In reverse order, I don't do any automated eroding, so I can't help there. When I start with a Fractal Terrains world I'll look for improbable basins and lift and/or smooth til they're more plausible. I tend to isolate FT-genned rivers on their own layer and use them as suggestions, wiggling my own watercourses into place including minor water-gap type editing to figuratively drain closed basins .

Your mountain ranges do show improvement over an as-genned FT planet. They still have about the same degree of roughness - maybe you could blunt some of the smaller interior ranges, turning them from recent uplift/ collision events to more Appalachian/ Ozark equivalents. Since you're willing to do some tectonics maybe with details you can make a few massive interior ranges to be ongoing plate collision situations (Himalayas). Since you show sea floor detail, try manually digging sharp slots of subduction trenches just offshore of some of the nearly-coastal ranges. Add a few more conical peaks and you'll be representing subduction volcanic belts (earth's Pacific ring of fire). You could manually drop in one or more rift valleys to show divergence.

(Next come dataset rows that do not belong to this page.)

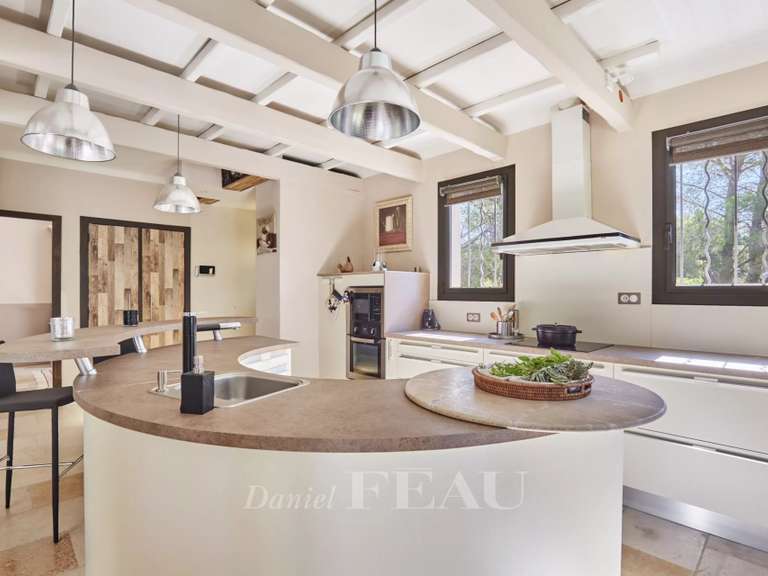 Maison Maussane-les-Alpilles - 4 chambres - 200m²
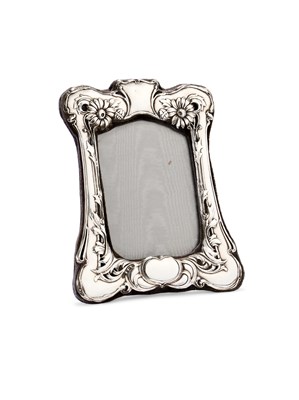 Lot 114 - AN EDWARDIAN SILVER-MOUNTED PHOTOGRAPH FRAME, HORTON & ALLDAY, BIRMINGHAM, 1902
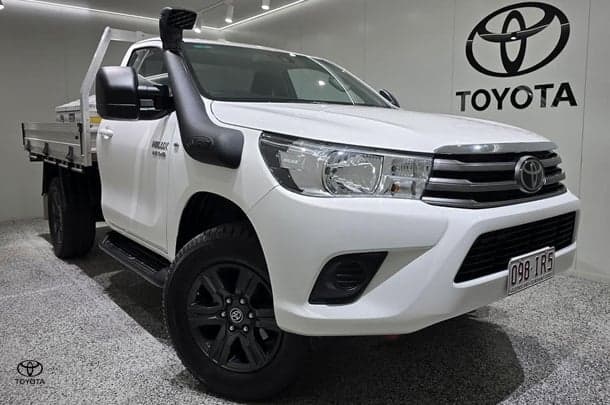 2023 Toyota Hilux SR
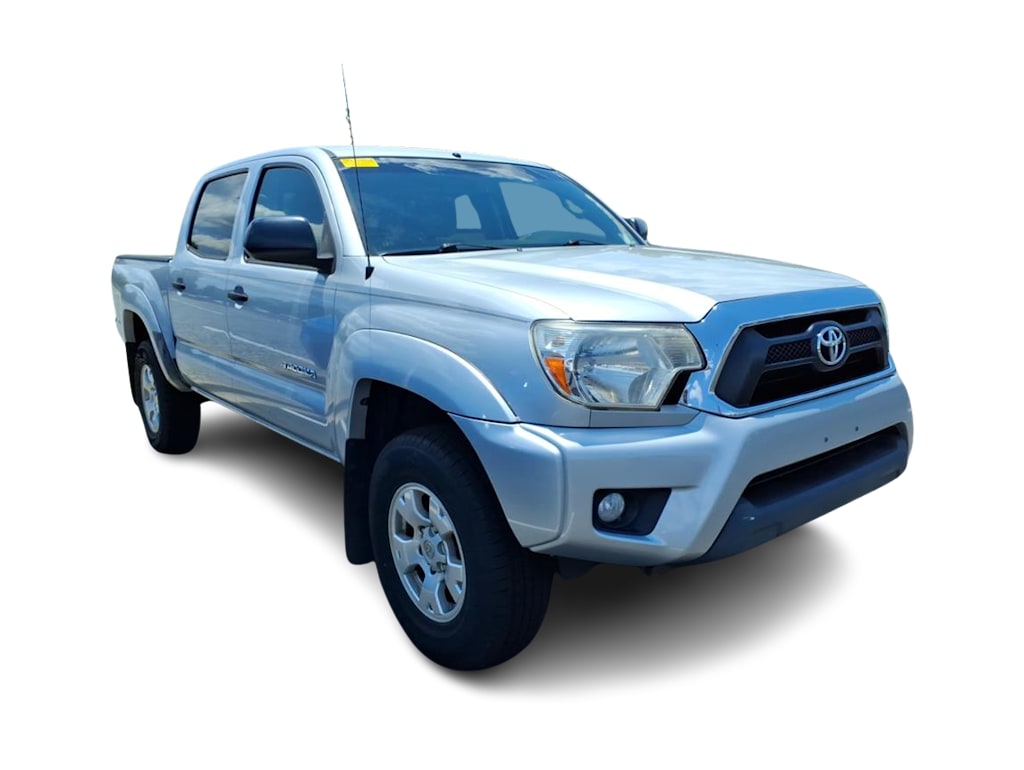 Thumbnail: 2013 Toyota Tacoma - 10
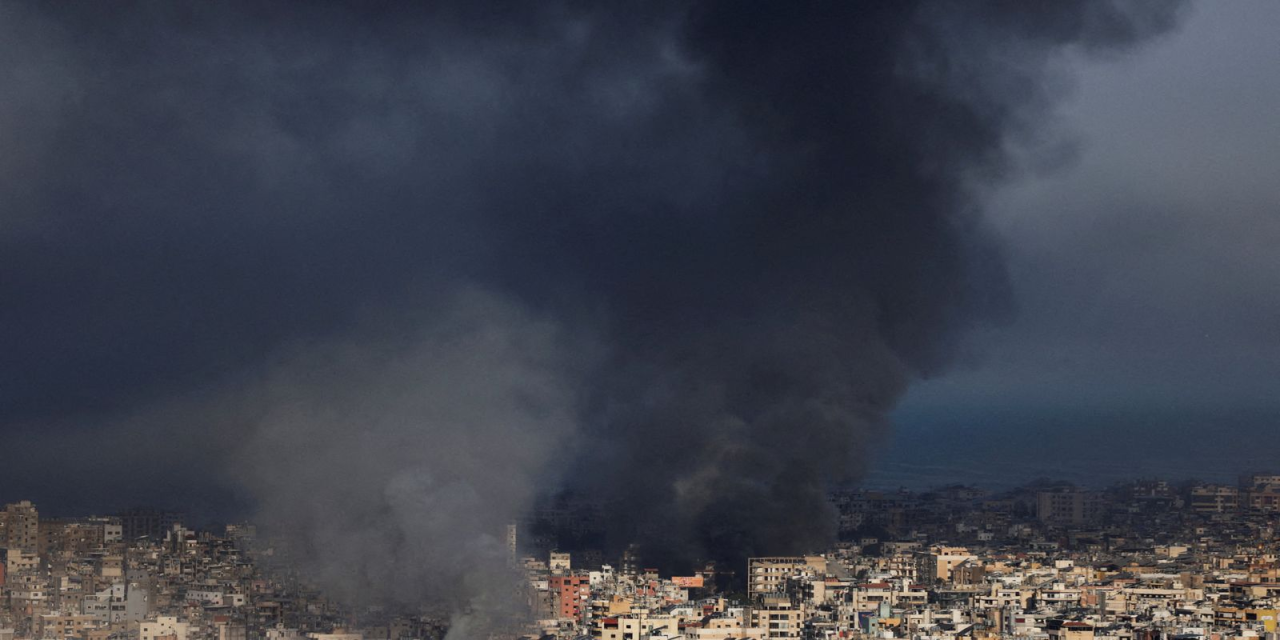Delegações em frente ao Serena Hotel em Islamabad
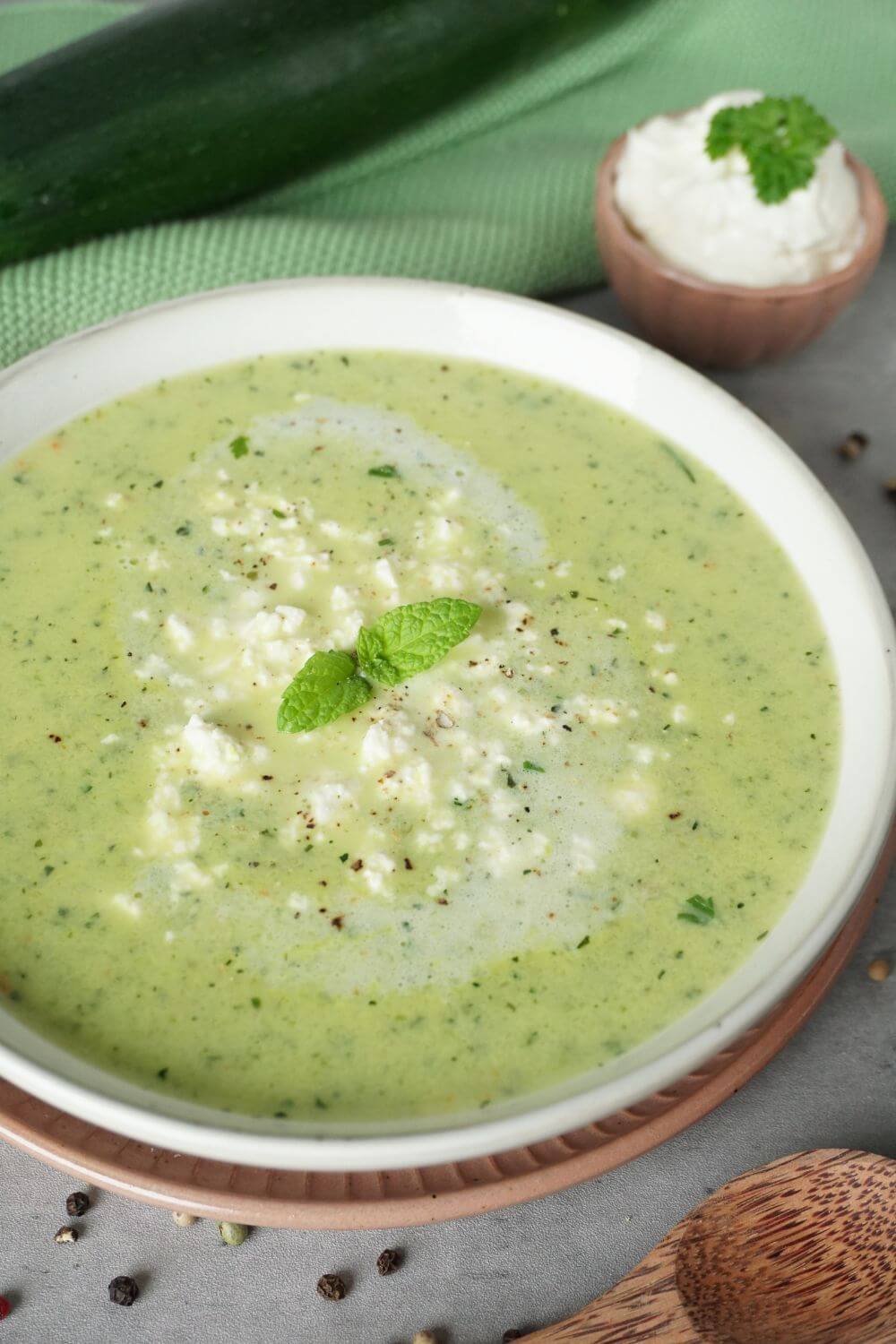 Zucchini-Suppe mit Feta ohne Kartoffeln Zucchini-Suppe mit Feta ohne Kartoffeln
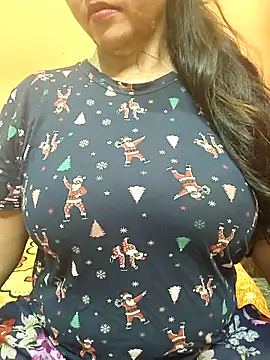 CUTE SOPHIA- online show from April 4, 2:54 am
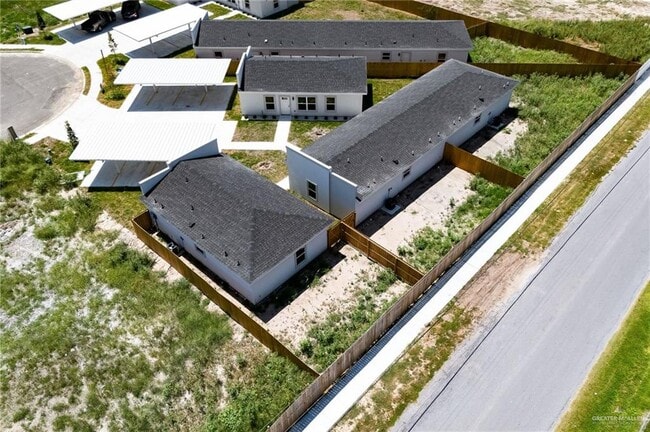 Building Photo - 16 Primrose Dr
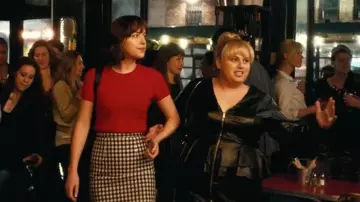 Checkered skirt worn by Alice (Dakota Johnson) in How to Be Single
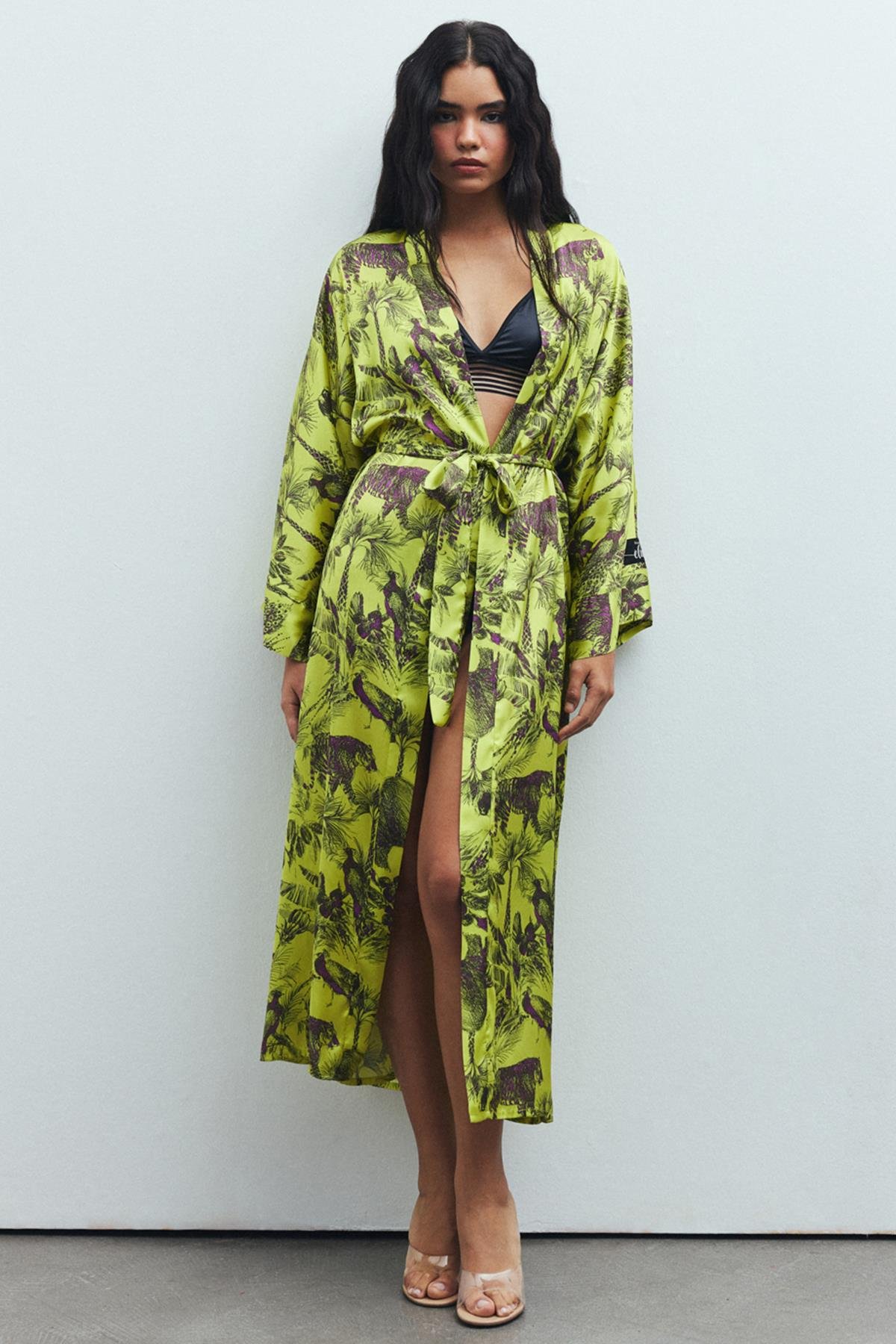 Frappant Jardin Desenli Uzun Saten Sabahlık / Kimono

I'm not sure why you want to prevent massive plains -- is it that you want to avoid having them look heavily eroded like your first pic? An FT limitation is generating the whole planet with the same fractal degree. Manually adding big swaths of plains, steppes, and plateaus is a necessity. If you don't need to keep the sea floor detail, consider the trick of expanding continental shelves, then dropping sea level in some places to get coastal plains.

Take a look at your coasts worldwide. See how all have that similar degree of roughness? Look at Earth and note wide swaths of coastline by that are smoothly sculpted into barrier islands, sandy beaches, swampland.

It can be a pain doing all the manual editing, but the results can be way better than defaults produce. I wish I had the persistence to get into applying Wilbur to planets -- you're ahead of me there! Looks to me like you have a good start - I'm looking forward to seeing it progress.

Oh, and thanks for jumping right in with a substantive contribution - maps in one's first post is worth a smidgen of rep!